Ricciardi enjoys the outdoors and wanted to write about something “I know about and I am at home around nature. I spend a lot of time in the woods and desert. Once my family and I took a plane that dropped us off in Alaska. We were alone, without any technology, put in the middle of nowhere, twenty-five miles from the nearest road. This is something I wanted to share with readers, which is why I wrote this book quote, ‘In an age where there is a GPS in every car, and place, I (Zac) had to make my way navigating with the sun.’ The feeling of trying to survive is what I wanted to convey. What drove Zac can best be described by the Winston Churchill quote, “When you are going through hell, by all means, keep going.”

Zac Miller is a CIA analyst whonormally works behind a desk. He has some preparation because of the Agency requirement that all have to undergo basic hand-to-hand combat skills, Thanks to a month of training he underwent at the CIA’s clandestine operations training facility at Camp Perry, Virginia, Zac was somewhat equipped.He decided on impulse to volunteer to have his boss, Peter Clements send him on a quick mission, to take a few long-distance photos of a secret Iranian nuclear complex.
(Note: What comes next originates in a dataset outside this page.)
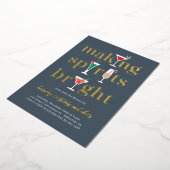 kerstcadeautjes feestdag uitnodiging (Gedraaid)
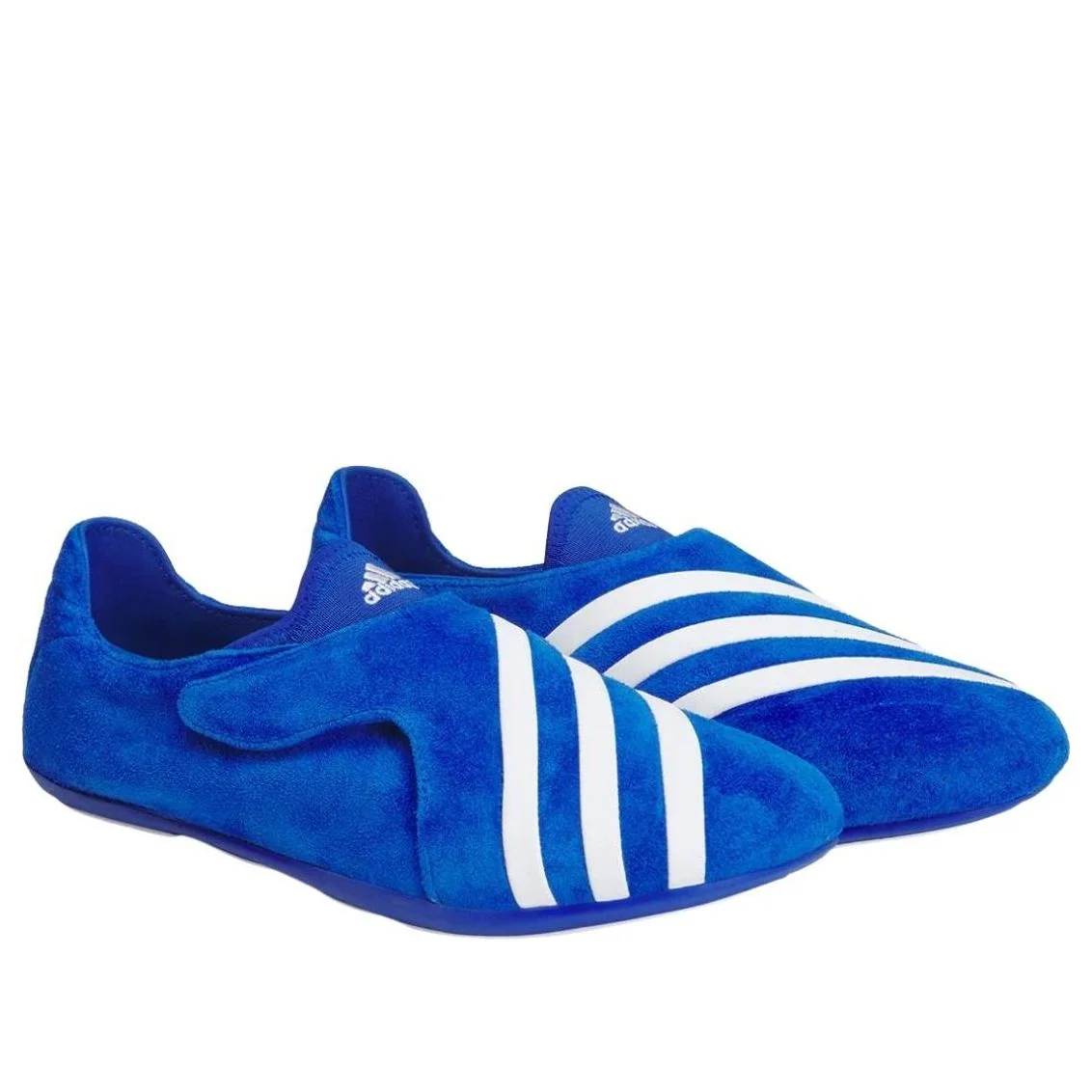 adidas x Pharrell Williams Vario Flat Earther 'Team Royal Blue Cloud White' KJ9380 Sneakers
Due to severe mechanical issues, created as a decoy, a commercial flight heading to Singapore is forced to make an emergency landing in the heart of Iran’s forbidden zone. Zac takes a few pictures of the mountain and the sunset but unfortunately for him, it caught the attention of the Iranian military. He was brought in for questioning because they believe his intentions are more than innocent. After being taken prisoner the Iranians drug, torture, threaten, beat and abuse him. Knowing if he does not escape he will die he finds a way to overwhelm his captives. This is where the adventure begins.
To show the corruptness of the Iranian regime, “I wrote how they want to undermine these societies that don’t agree with their belief system. They are the biggest sponsor of state terrorism as the military and religious leaders run the place. They have starved their own people so they can build nuclear weapons. Anyone who voices disagreement gets arrested and locked up.”

The story is very believable since many Americans including tourists, hikers, and businessmen have been captured and tortured by the Iranians as they accuse them of being spies. There is also a scene in the book that should remind people of the Lone Survivor, Marcus Luttrell, where Zac confronts a herder and must decide to allow him to live or kill him. As a survivalist, Zac must make the ultimate decision of who shall live and who shall die.

The author compares his story to Homer’s The Odyssey. “I would read this to my children all the time. The struggle to return back home from the Battle of Troy, having to travel through all these different lands with the many different struggles influenced me. Every turn he made he encountered a new obstacle that he had to get around.”

Warning Light has many aspects to the story including technological, political-geographical and multi-cultural information. It is not only entertaining but informative as well. Readers will root for Zac to use his knowledge, resourcefulness, and training to complete his mission.